У меня нет ни малейших сомнений в том, что русский гений также внёс бы значительный вклад в процесс преобразования слишком немецкой Европы, в которую должны были влиться двести миллионов восточных славян. Четыре года жизни, проведённые рядом с русским народом, научили всех антисоветских бойцов уважать его, любить его, восхищаться им. Ужасно, что уже почти более полувека эти двести миллионов вынуждены вновь томиться за железным занавесом советского режима, и ещё ужаснее, что это может затянуться ещё надолго.
Этот мирный, чуткий, умный и творческий народ одарён также математическими способностями, что и не удивительно, поскольку закон чисел лежит в основе всех искусств.
Попав в Россию, немцы, прошедшие очень поверхностную нацистскую индоктринацию, поначалу воображали себя единственными существами во вселенной, достойными звания арийцев, которые обязательно должны были выглядеть как светловолосые крепко сложенные великаны, с глазами голубыми, как тирольское небо в августе.
Это выглядело достаточно комично, особенно, если учесть, что Гитлер, как и Гиммлер были среднего роста и тёмно-русыми, Геббельс — коротконогим коротышкой с жгуче чёрными волосами. Зепп Дитрих походил на коренастого содержателя марсельского бара, а Борман горбился, как бывший чемпион по велосипедному спорту, ушедший на покой. Не считая нескольких великанов, подававших аперитивы на террасе в Берхтесгадене, в окружении Гитлера редко можно было встретить бодрых голубоглазых здоровяков, с румянцем во всю щёку.
Каково же было изумление немцев, которые, по мере продвижения вглубь России, постоянно встречали голубоглазых блондинов, воплощающих именно тот тип совершенного арийца, которым их учили восхищаться! Блондинов. И блондинок! И каких блондинок! Крепкие, великолепно сложенные, прекрасные крестьянки, с глазами цвета небесной лазури, более естественные и более здоровые, чем весь женский состав Гитлерюгенда. Невозможно было представить себе более типично арийской расы, исходя из священного канона гитлеризма!

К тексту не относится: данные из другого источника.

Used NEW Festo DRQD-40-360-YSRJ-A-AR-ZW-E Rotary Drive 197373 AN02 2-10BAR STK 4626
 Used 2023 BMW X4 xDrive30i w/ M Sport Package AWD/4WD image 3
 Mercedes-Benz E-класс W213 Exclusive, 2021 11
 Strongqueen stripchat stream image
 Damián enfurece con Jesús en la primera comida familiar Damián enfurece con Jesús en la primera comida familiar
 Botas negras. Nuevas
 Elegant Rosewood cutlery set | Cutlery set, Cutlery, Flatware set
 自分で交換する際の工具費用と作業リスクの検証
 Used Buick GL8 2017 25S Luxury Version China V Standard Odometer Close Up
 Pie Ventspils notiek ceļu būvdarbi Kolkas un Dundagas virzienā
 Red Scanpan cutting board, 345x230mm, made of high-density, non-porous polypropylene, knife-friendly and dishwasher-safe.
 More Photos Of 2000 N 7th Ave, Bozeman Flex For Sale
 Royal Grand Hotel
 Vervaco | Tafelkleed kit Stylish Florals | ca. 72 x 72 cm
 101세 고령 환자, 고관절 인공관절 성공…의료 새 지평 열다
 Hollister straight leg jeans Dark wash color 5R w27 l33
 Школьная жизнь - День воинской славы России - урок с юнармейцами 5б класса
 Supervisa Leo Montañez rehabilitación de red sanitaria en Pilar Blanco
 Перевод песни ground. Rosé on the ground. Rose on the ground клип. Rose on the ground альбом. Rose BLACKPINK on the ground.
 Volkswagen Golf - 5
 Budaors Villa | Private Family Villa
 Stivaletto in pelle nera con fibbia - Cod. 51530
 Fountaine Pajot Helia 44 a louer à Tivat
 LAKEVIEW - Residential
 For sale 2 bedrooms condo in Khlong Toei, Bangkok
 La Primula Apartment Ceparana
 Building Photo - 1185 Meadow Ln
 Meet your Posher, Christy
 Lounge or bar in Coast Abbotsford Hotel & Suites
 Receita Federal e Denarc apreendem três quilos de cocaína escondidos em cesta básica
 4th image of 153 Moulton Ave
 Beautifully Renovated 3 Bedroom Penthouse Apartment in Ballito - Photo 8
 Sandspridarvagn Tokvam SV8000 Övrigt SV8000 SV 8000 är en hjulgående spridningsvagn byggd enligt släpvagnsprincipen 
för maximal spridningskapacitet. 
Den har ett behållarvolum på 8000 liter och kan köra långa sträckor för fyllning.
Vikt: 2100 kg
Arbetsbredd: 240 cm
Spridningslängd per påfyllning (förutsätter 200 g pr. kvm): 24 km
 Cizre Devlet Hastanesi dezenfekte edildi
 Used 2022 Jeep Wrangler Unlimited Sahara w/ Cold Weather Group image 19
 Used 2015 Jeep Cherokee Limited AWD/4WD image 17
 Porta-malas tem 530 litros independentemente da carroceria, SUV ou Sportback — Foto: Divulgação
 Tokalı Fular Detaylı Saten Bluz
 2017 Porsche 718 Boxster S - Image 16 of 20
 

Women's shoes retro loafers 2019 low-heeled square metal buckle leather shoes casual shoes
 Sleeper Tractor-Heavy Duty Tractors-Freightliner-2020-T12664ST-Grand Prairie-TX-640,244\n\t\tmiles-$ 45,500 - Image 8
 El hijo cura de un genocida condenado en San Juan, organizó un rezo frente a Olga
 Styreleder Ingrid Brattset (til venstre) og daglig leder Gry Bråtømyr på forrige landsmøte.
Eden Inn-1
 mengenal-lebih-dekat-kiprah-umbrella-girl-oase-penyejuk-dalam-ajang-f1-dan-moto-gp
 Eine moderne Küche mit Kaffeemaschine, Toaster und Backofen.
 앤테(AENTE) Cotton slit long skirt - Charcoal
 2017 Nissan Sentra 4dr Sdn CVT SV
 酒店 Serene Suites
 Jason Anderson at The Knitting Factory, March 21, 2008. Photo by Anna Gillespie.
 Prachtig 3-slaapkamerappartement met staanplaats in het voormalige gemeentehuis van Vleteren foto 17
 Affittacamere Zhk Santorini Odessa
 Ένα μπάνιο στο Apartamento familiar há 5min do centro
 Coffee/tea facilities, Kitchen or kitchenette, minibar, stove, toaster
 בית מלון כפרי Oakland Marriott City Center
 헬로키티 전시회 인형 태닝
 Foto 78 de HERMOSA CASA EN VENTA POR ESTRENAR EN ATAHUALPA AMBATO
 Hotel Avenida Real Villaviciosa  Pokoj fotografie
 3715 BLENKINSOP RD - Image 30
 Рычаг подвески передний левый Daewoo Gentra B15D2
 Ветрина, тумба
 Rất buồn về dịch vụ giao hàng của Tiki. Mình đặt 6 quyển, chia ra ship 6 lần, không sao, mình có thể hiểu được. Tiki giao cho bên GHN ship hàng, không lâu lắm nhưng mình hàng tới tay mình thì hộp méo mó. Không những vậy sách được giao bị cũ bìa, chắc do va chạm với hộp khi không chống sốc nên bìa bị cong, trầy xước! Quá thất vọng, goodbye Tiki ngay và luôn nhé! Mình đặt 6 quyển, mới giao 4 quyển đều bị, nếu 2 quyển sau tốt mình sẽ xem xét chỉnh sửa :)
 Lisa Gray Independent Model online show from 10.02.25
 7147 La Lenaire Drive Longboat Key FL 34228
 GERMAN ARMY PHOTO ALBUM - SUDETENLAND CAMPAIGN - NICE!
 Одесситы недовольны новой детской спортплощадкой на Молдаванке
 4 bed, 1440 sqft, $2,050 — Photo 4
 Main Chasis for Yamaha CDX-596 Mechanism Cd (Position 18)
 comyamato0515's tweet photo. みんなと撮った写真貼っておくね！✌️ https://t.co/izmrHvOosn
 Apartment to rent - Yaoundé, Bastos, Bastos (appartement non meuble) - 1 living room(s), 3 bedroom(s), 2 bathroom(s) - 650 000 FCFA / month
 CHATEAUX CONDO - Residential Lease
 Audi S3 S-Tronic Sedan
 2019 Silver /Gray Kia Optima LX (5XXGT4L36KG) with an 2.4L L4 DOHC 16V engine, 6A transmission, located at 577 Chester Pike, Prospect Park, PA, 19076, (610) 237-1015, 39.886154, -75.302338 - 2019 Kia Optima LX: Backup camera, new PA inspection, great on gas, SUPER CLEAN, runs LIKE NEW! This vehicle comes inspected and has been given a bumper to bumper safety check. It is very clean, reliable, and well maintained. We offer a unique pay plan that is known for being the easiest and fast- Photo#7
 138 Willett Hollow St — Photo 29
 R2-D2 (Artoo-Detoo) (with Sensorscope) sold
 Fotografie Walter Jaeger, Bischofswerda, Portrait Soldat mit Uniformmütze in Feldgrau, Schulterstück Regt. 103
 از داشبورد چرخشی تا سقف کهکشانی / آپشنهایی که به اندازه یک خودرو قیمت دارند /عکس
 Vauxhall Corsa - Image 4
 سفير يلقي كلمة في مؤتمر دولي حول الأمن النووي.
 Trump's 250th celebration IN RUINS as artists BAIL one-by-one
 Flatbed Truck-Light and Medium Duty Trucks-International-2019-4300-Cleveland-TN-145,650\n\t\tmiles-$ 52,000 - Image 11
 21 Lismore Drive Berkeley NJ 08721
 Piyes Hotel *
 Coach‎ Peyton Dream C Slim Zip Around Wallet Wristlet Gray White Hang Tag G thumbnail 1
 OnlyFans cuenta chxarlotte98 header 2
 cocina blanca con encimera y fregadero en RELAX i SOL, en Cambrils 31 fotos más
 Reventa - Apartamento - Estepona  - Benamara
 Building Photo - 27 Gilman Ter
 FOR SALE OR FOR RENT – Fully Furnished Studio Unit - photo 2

За полгода вся немецкая армия заболела русофилией. Повсюду братались с населением. И особенно с женским населением! Позднее, во время отступления эти прекрасные русские девушки, созданные для любви и семейного счастья, бесстрашно последовали сквозь ужасы жестоких сражений за своими Эриками, Вальтерами, Карлами, Вольфганами, с которыми они познакомились в свободное время, убедившись на своём опыте, что волшебная сила любви побеждает даже пришельцев с Запада.
Нацистские теоретики исповедовали откровенно антиславянские теории, но хватило бы менее десятка лет совместного русско-германского проживания, как они развеялись бы в прах. Русские обеих полов быстро осваивали немецкий язык. Многие его знали его и раньше. Мы находили учебники немецкого во всех школах. Языковых проблем в России было гораздо меньше, чем где бы то ни было в Европе.
Немцы обладают прекрасными качествами как техники и организаторы. Но русские, мечтатели по натуре, обладают более богатым воображением и более живым умом. Одно прекрасно дополняет другое, кровные связи доделали бы остальное. Естественно, несмотря на все пропагандистские усилия, множество молодых немцев вступало в браки с русскими. Они нравились друг другу. Создание Европы на Востоке шло самым удачным образом. Русско-германский союз принёс бы чудесные плоды.
Это была поистине грандиозная задача: сплотить пятьсот миллионов европейцев, поначалу не имевших почти никакого желания сотрудничать, объединить их силы, гармонизировать существующие различия в характере и темпераменте. Но Гитлер обладал необходимым гением и могуществом для решения этой задачи, на которой споткнулись сотни политиков, благодаря своей посредственности и ограниченности.